Recuerdo un político que no quiso poner a nombre de un testaferro una empresa de la que vivió toda su vida y al que los rivales privadamente le recomendaron que hiciera las cosas bien, que le pidiera a un familiar que se hiciera cargo, lo cual es un truco para eludir el cumplimiento de una legislación a todas luces inútil. Tan extendido está el engaño, que todos te sugieren que escondas la participación en una empresa a nombre de otros y ya está. No cambia el fondo, pero todos nos quedamos contentos.

Las exigencias inadmisibles y ofensivas se extienden incluso después del final del mandato. Durante dos años, según dice la ley de incompatibilidades, el político no podrá trabajar en nada que tenga que ver con su antigua actividad institucional, excepto los funcionarios, que son honrados por definición. Nadie lo va a comprobar, pero si a alguien le preocupara no actuar en la ilegalidad, lo que se hace es prohibirle a una persona del mundo privado que vuelva a su actividad tras acabar su paso por la política, sin recibir nada a cambio.

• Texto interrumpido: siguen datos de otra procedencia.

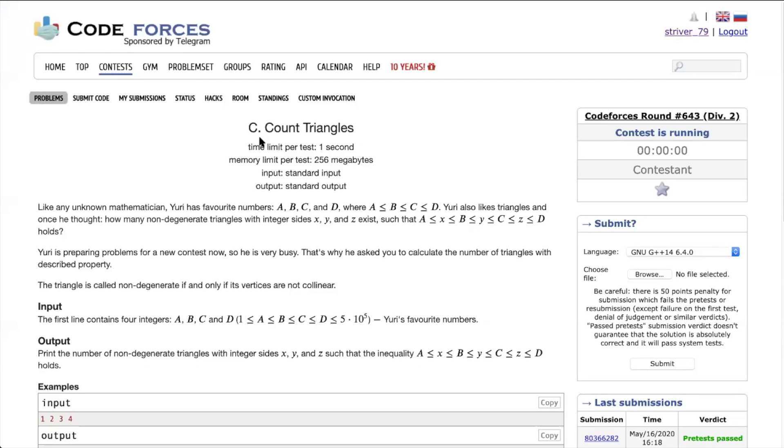Hey everyone, this is Trevor here. Today we will be solving the problem Count Triangles from Codeforces round 643.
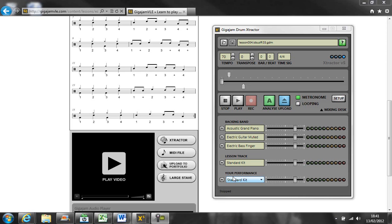Giga Jam's Extractor software is first and foremost the perfect practice tool. You can mix the backing track so you get the best and most supportive band mix to help you concentrate on playing your exercises well.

¿Nos damos cuenta que estas exigencias empujan a la gente seria a despreciar la política? ¿No vemos que es inadmisible que el primer día se le diga a alguien que llega «mire, yo dudo de las intenciones que tiene usted, por lo que le exijo que publique todo lo que tiene y ya veremos al irse qué se ha llevado»? Si no se ofenden con ello, al final les decimos: «ahora, al irte, como sospecho de que vas a beneficiarte de lo que has visto en el cargo, te prohíbo que trabajes en lo que sabes, sin darte nada a cambio». Como si en el Govern, además de intrigar, se pudiera aprender algo útil.

El Partido Popular y Vox, como vemos, siguen el camino trazado. Era de esperar porque aquí reina lo políticamente correcto. Y lo correcto es aceptar esta farsa de que publicando el patrimonio ya somos honrados. No es así, claro. El ladrón pasa por todo esto sin problemas precisamente porque está dispuesto a robar. Para ellos, que los hay, engañar al Govern en la declaración de su patrimonio o de sus intereses económicos es una minucia. Es como exigirle a quien roba un banco que aparque bien el coche a emplear en la huida.

Con estas exigencias, simplemente estamos impidiendo que la gente seria se incorpore a la política. Podría ser que alguien estuviera dispuesto a sufrir estas vejaciones por las ganas de trabajar en provecho de la comunidad, pero aún le quedarán muchas más humillaciones, empezando por el desprestigio social que tiene este trabajo, justamente por estar sometido a cuanta tontería existe.
Sometiéndolos a estas humillaciones, tratándolos como ladrones, pagándoles salarios ridículos por la responsabilidad teórica que tienen, es normal que al final tengamos políticos mediocres. Lo raro es que aún quede alguno de valía.